Frau Bundeskanzlerin, vielen Dank, dass deutsche Truppen auch bei den „Anakonda“-Übungen dabei waren. Ich konnte selbst beobachten, wie deutsche und britische Soldaten eine Behelfsbrücke über die Weichsel gebaut haben. Innerhalb einer halben Stunde konnte die Brücke aufgestellt werden und war dann für Fahrzeuge befahrbar. Diese militärische Zusammenarbeit ist also sehr gut. Sie zeigt uns - diese Präsenz auch jetzt -, dass die Nato sehr aktiv ist. Ich hoffe, der Gipfel wird zeigen, dass es diese rotierende, aber permanente Präsenz der Nato geben wird und dass somit nicht nur die Sicherheit Mittel- und Osteuropas und des Südens gestärkt werden kann, sondern die Sicherheit von ganz Europa.

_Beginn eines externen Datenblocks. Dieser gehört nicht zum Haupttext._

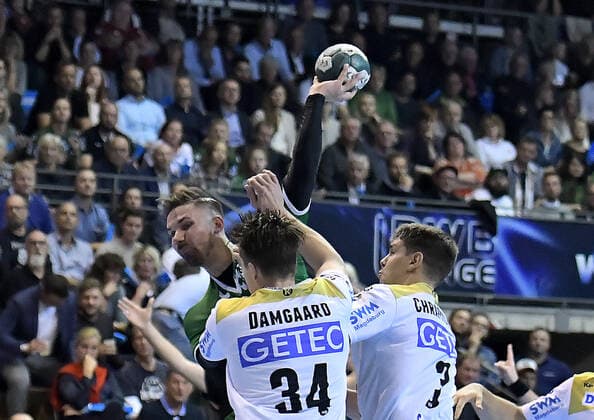 01.10.2019, xlakx, Handball DHB Pokal, Fuechse Berlin - SC Magdeburg emspor, v.l. zum Wurf Fabian Wiede(Fuechse Berlin 3),Michael Damgaard (SC Magdeburg 34) Berlin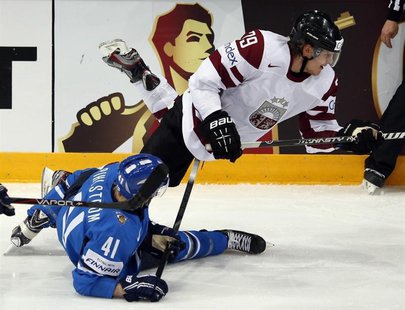 Latvia's Ralfs Freibergs (top) trips over Finland's Antti Pihlstrom during their 2013 IIHF Ice Hockey World Championship preliminary round m Latvia's Ralfs Freibergs (top) trips over Finland's Antti Pihlstrom during their 2013 IIHF Ice Hockey World Championship preliminary round m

Wir werden uns auch, meine Damen und Herren, über andere Fragen unterhalten. Wir werden auf die Flüchtlingskrise eingehen und besprechen, was hier die besten Lösungen sein können, wie wir zusammenarbeiten können. Ich möchte auch mit Ihnen ein künftiges Treffen des Weimarer Dreiecks besprechen. Hoffentlich können wir auch auf dieses Thema eingehen. Wir werden uns auch über andere Fragen der Zusammenarbeit zwischen unseren beiden Ländern unterhalten. Ich freue mich sehr auf unsere Gespräche.

Vielen herzlichen Dank, dass ich hier in Berlin sein darf.